**Work item**: Set down a faithful copy of every record below, with no images.

**Dataset**:
*-*-*
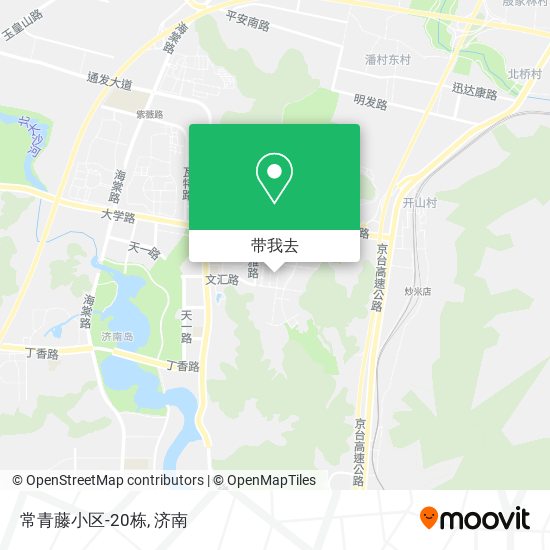 常青藤小区-20栋地图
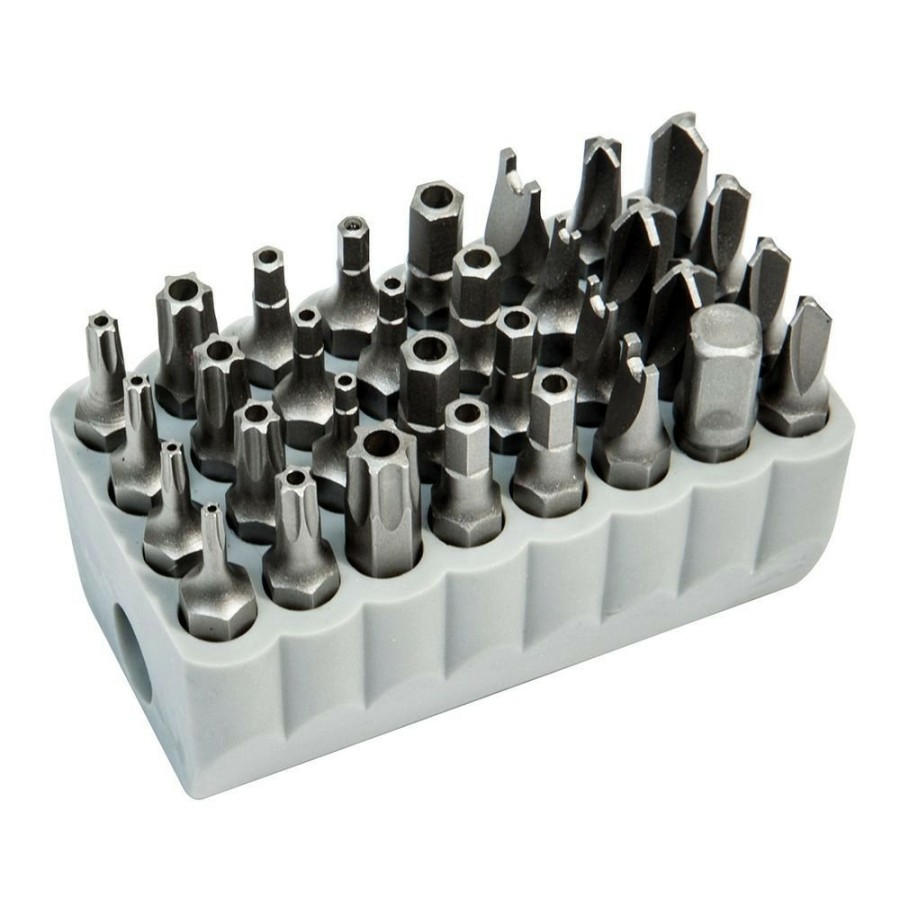 Power Tool Accessories Klein Tools Bits And Bit Sets | Klein Tools 32525 Tamperproof Bit Set (32 Piece)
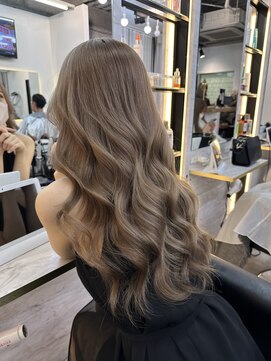 ラピス 千葉(Lapis) 1ブリーチで作るシナモンベージュ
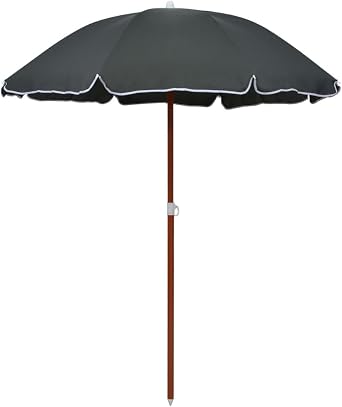 Garden Parasol with Steel Pole, Awnings for patio Outdoor Table Umbrella Patio umbrella Beach Parasol Suitable for Deck Balcony Pool Garden 70.9" Sand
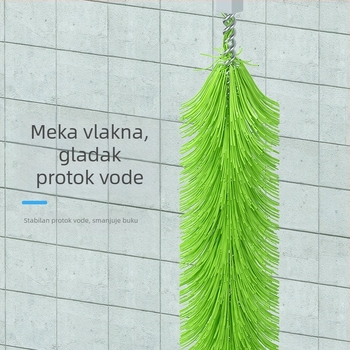 Četka za smanjenje buke akvarija za prelijevanje i odvodne cijevi, plastična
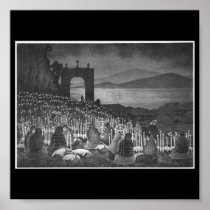 Night of the Dead. Janitzio, Mexico. Circa 1958 Posters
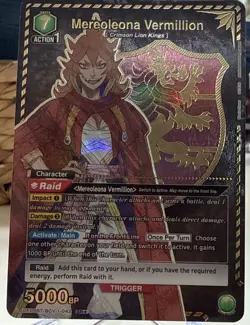 Mereoleona Vermillion - SR* 042 - Black Clover Union Arena - NM - Image 1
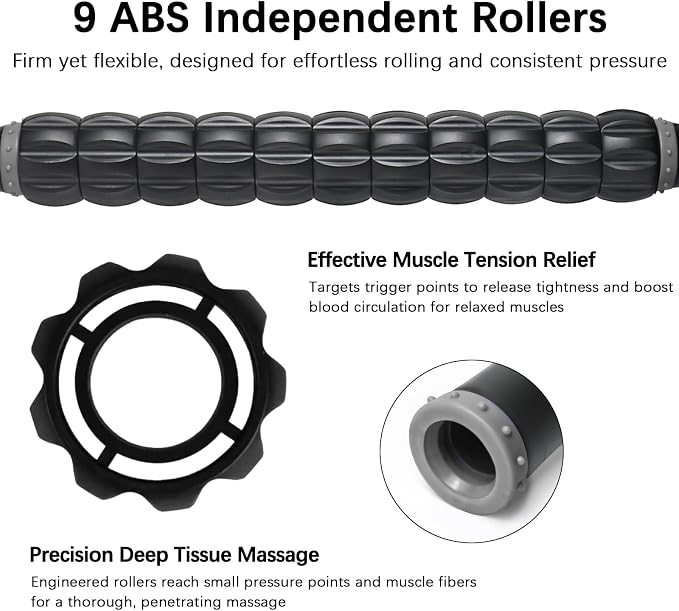 Muscle Roller Massage Roller Stick- Deep Tissue Fascia Blaster - Image 3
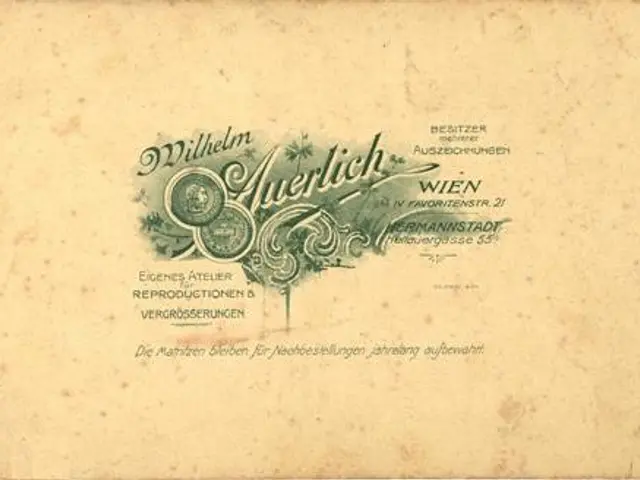 The image shows an old German banknote with a picture of a man on it. The text on the paper reads...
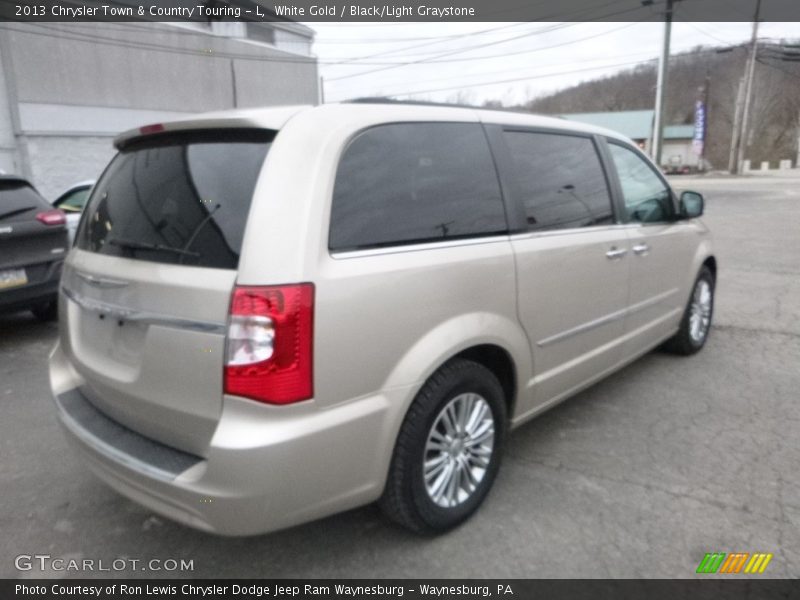 White Gold / Black/Light Graystone 2013 Chrysler Town & Country Touring - L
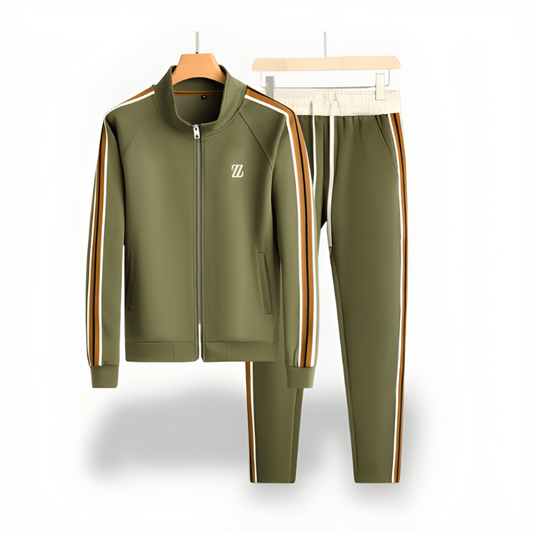Trainingsanzug Herren als zweiteiliges Sportset - grün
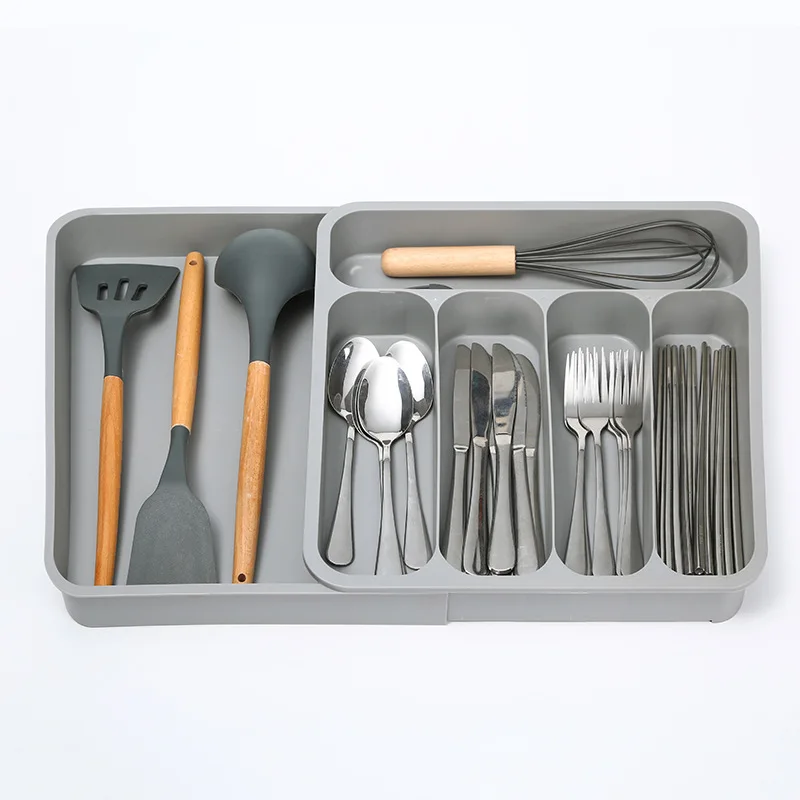 Cutlery Storage Tray Expandable Tableware Organizer Spoon Fork Storage Holder Kitchen Drawer Separation Box Container Cabinet
Cutlery Storage Tray Expandable Tableware Organizer Spoon Fork Storage Holder Kitchen Drawer Separation Box Container Cabinet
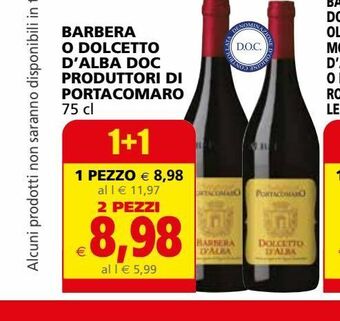 Il Gigante Barbera o dolcetto d''alba doc produttori di portacomaro offerta
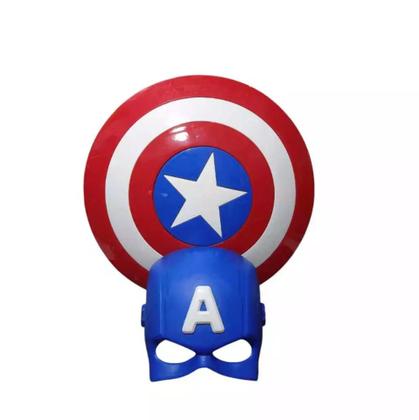 Imagem de Kit Capitão América Escudo + Máscara Infantil Os Vingadores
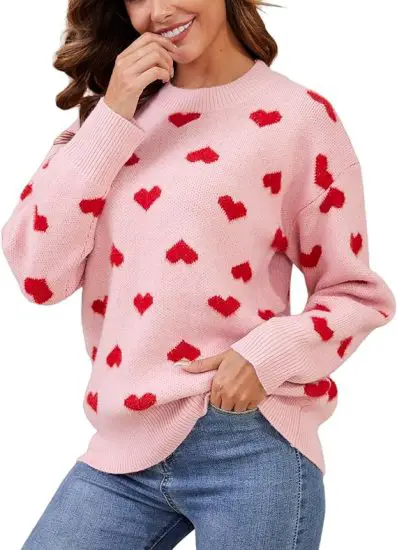 Crewneck Long Sleeve Knitted Pullover Sweaters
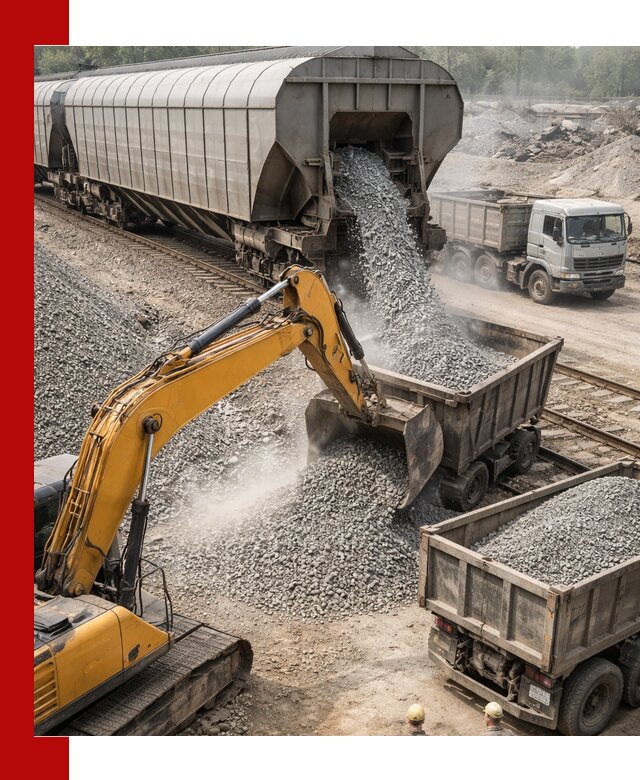 Доставка железнодорожного щебня в Туле крупными партиями быстрого отгруза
*-*-*
**Solution**:
 常青藤小区-20栋地图
 Power Tool Accessories Klein Tools Bits And Bit Sets | Klein Tools 32525 Tamperproof Bit Set (32 Piece)
 ラピス 千葉(Lapis) 1ブリーチで作るシナモンベージュ
 Garden Parasol with Steel Pole, Awnings for patio Outdoor Table Umbrella Patio umbrella Beach Parasol Suitable for Deck Balcony Pool Garden 70.9" Sand
 Četka za smanjenje buke akvarija za prelijevanje i odvodne cijevi, plastična
 Night of the Dead. Janitzio, Mexico. Circa 1958 Posters
 Mereoleona Vermillion - SR* 042 - Black Clover Union Arena - NM - Image 1
 Muscle Roller Massage Roller Stick- Deep Tissue Fascia Blaster - Image 3
 The image shows an old German banknote with a picture of a man on it. The text on the paper reads...
 White Gold / Black/Light Graystone 2013 Chrysler Town & Country Touring - L
Trainingsanzug Herren als zweiteiliges Sportset - grün
 Cutlery Storage Tray Expandable Tableware Organizer Spoon Fork Storage Holder Kitchen Drawer Separation Box Container Cabinet
Cutlery Storage Tray Expandable Tableware Organizer Spoon Fork Storage Holder Kitchen Drawer Separation Box Container Cabinet
 Il Gigante Barbera o dolcetto d''alba doc produttori di portacomaro offerta
 Imagem de Kit Capitão América Escudo + Máscara Infantil Os Vingadores
 Crewneck Long Sleeve Knitted Pullover Sweaters
 Доставка железнодорожного щебня в Туле крупными партиями быстрого отгруза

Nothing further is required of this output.